Based on some data from the Fed, which you can find here we can pick up that corporate businesses have about 30 trillion in non-financial assets (the things we’re trying to value, really). Non-corporate businesses (which can’t be listed on stock markets) have about 20 trillion in non-financial assets. Households have about 55 trillion in non-financial assets (houses, mainly). So even if all capital - those non-financial assets - earn a total of 0.3 of GDP, it’s probably only like 30% of that (30 trillion divided by 30+20+55 trillion) that can be attributed to corporate businesses.

That means the stock market is valuing, at most, a combined share of like $s_{\pi} + s_K = 0.3\times0.3 = 0.09$ of GDP. In our formula that would give us

\[\frac{V^{Corp}}{Y_0} = \frac{.09}{.05 - .02 - .01} = 4.5,\]

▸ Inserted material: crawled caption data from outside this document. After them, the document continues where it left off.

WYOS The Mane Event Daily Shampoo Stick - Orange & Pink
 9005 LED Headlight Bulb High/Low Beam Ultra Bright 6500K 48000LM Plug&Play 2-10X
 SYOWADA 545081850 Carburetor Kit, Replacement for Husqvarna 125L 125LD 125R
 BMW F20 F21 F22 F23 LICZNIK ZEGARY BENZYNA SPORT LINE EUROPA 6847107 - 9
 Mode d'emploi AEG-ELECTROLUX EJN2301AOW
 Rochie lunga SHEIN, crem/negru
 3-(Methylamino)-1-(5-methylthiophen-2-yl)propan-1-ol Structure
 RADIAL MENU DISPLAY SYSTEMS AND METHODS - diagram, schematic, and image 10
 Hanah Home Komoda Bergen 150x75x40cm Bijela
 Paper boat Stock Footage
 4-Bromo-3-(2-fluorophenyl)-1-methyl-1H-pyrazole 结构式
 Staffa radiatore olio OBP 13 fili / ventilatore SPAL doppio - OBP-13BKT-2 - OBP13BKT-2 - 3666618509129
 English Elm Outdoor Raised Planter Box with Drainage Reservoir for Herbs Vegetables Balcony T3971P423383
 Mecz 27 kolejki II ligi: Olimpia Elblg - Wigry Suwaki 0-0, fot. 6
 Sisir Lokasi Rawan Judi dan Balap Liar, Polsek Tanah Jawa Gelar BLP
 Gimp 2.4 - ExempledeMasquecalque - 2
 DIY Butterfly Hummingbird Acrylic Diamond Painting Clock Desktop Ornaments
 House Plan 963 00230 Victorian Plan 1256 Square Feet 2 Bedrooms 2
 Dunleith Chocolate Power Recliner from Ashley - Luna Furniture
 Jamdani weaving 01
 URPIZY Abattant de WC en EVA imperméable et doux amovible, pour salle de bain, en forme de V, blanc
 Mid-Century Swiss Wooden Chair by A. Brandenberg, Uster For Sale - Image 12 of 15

which still looks a little high. Now, not every corporation is traded on the stock market, so that 0.09 share of GDP is probably still a little high, so let’s make that 0.06. And maybe the discount rate is a little higher at 0.07, and we get

\[\frac{V^{Corp}}{Y_0} = \frac{.06}{.07 - .02 - .01} = 1.5,\]

which is a number that is in the correct range to match the data in the figure above. It’s possible to reconcile the growth model with the observed data on asset valuations in the stock market. We’re never going to be able to do this exactly, the model is too over-simplified. But it’s helpful to see that we can get reasonable numbers out of the simplified model without too much screwing around.